-- Work to be completed --
Without pictures, retype the following entries exactly.
*** Opening Materials provided ***
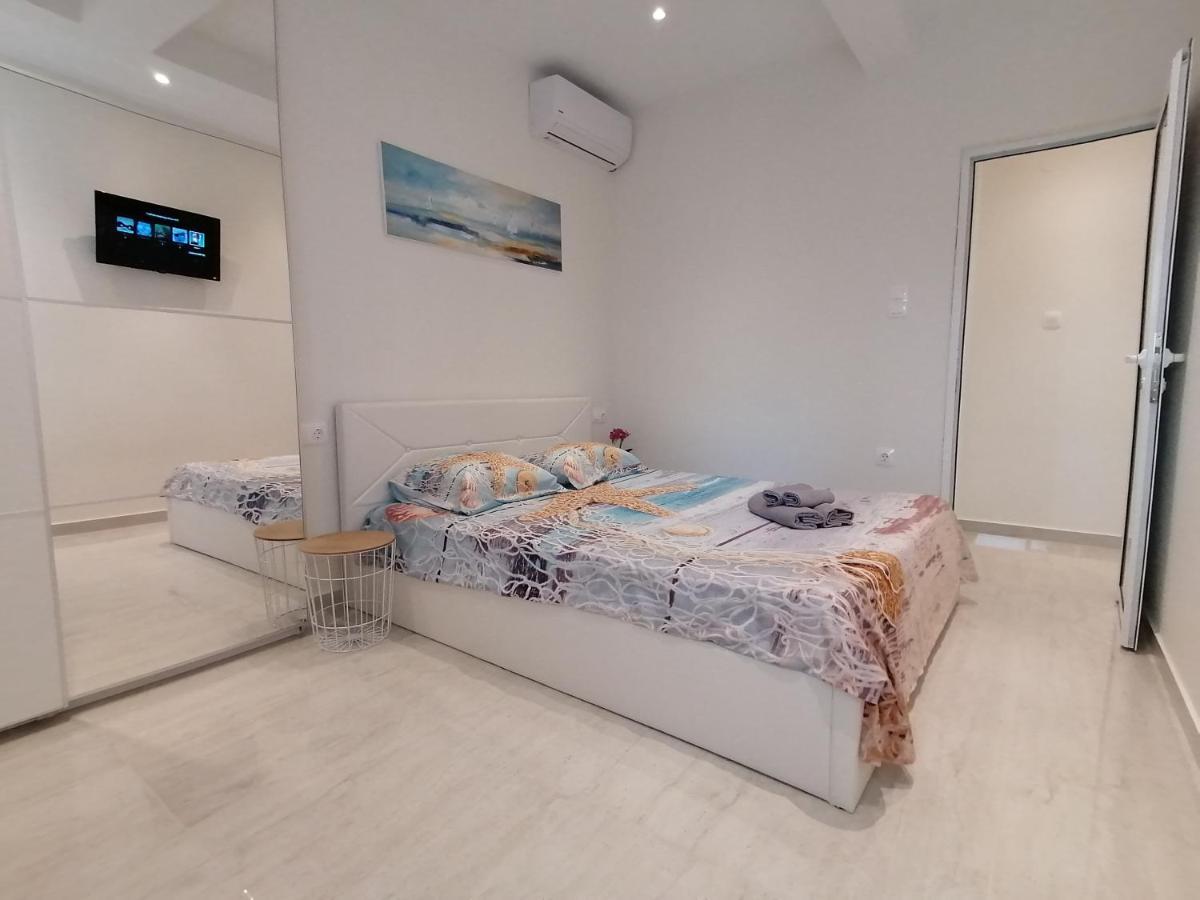 Sea Pleasure Apartment Peraía エクステリア 写真
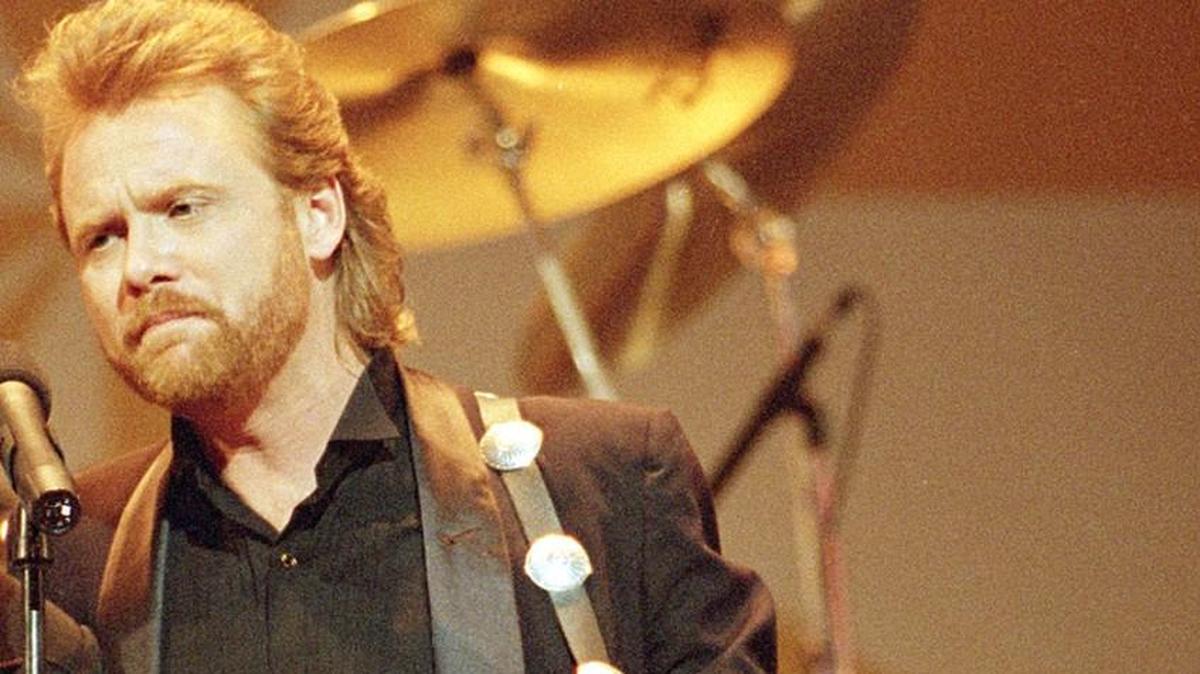 Lee Roy Parnell will perform Dec. 9 at Cox Capitol Theatre.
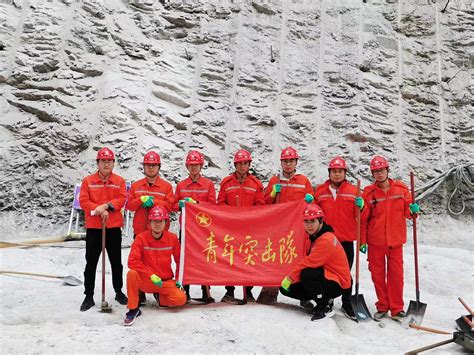中国水利水电第八工程局有限公司 一线动态 东庄项目青年突击队开展清基工作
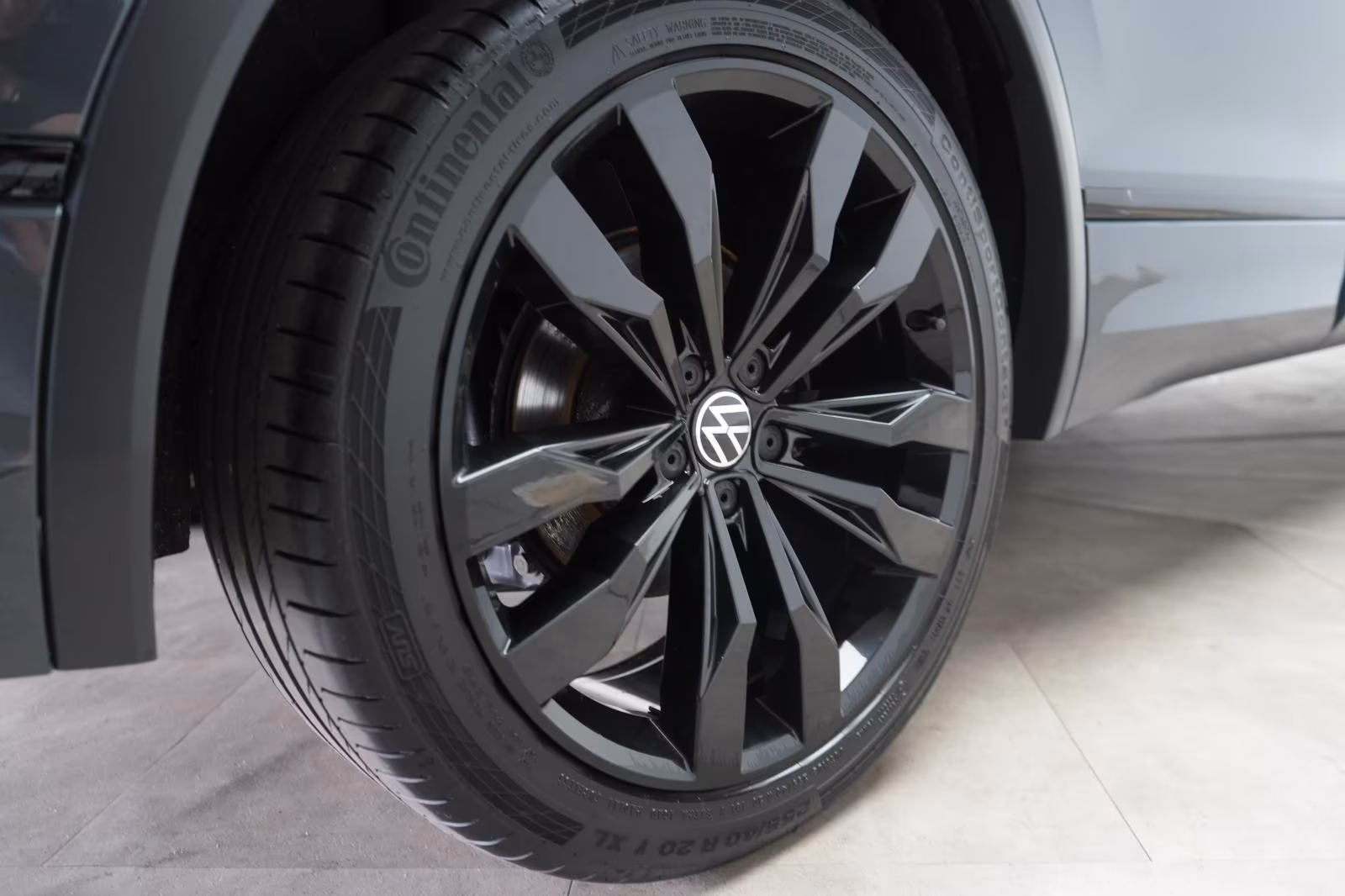 (B-312) Volkswagen Tiguan 2.0 TDI 4Motion DSG R-Line ACC/Kamera/AHK - Image 25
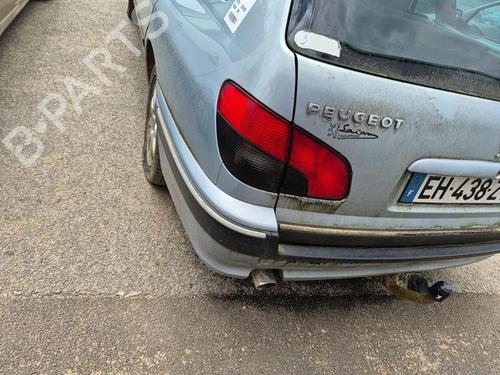 Used Left taillight Left taillight 22121728 22121728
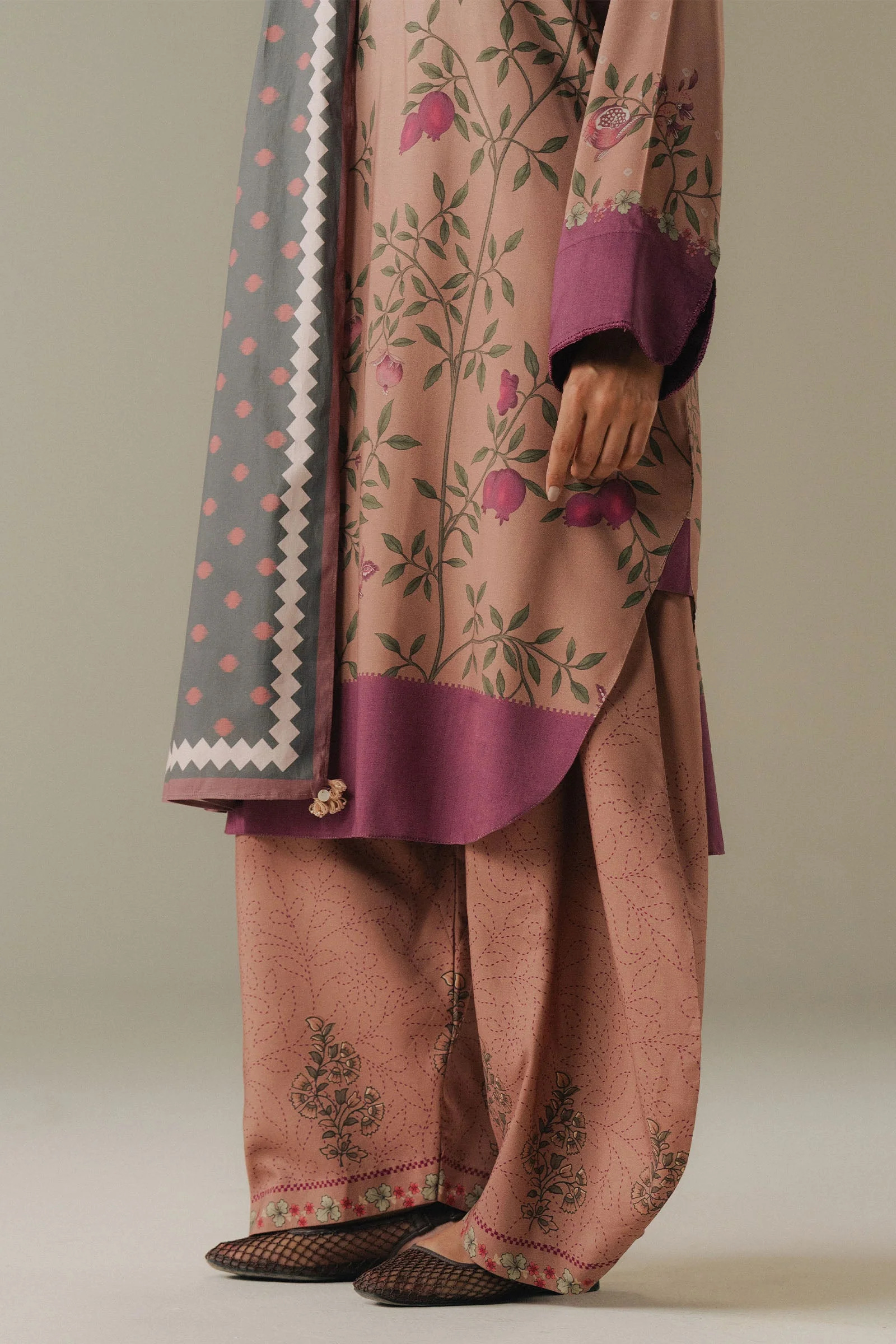 Sienna Field-4B - Image 6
*** Closing Materials provided ***
-- Exercise answer --
 Sea Pleasure Apartment Peraía エクステリア 写真
 Lee Roy Parnell will perform Dec. 9 at Cox Capitol Theatre.
中国水利水电第八工程局有限公司 一线动态 东庄项目青年突击队开展清基工作
 (B-312) Volkswagen Tiguan 2.0 TDI 4Motion DSG R-Line ACC/Kamera/AHK - Image 25
 Used Left taillight Left taillight 22121728 22121728
 Sienna Field-4B - Image 6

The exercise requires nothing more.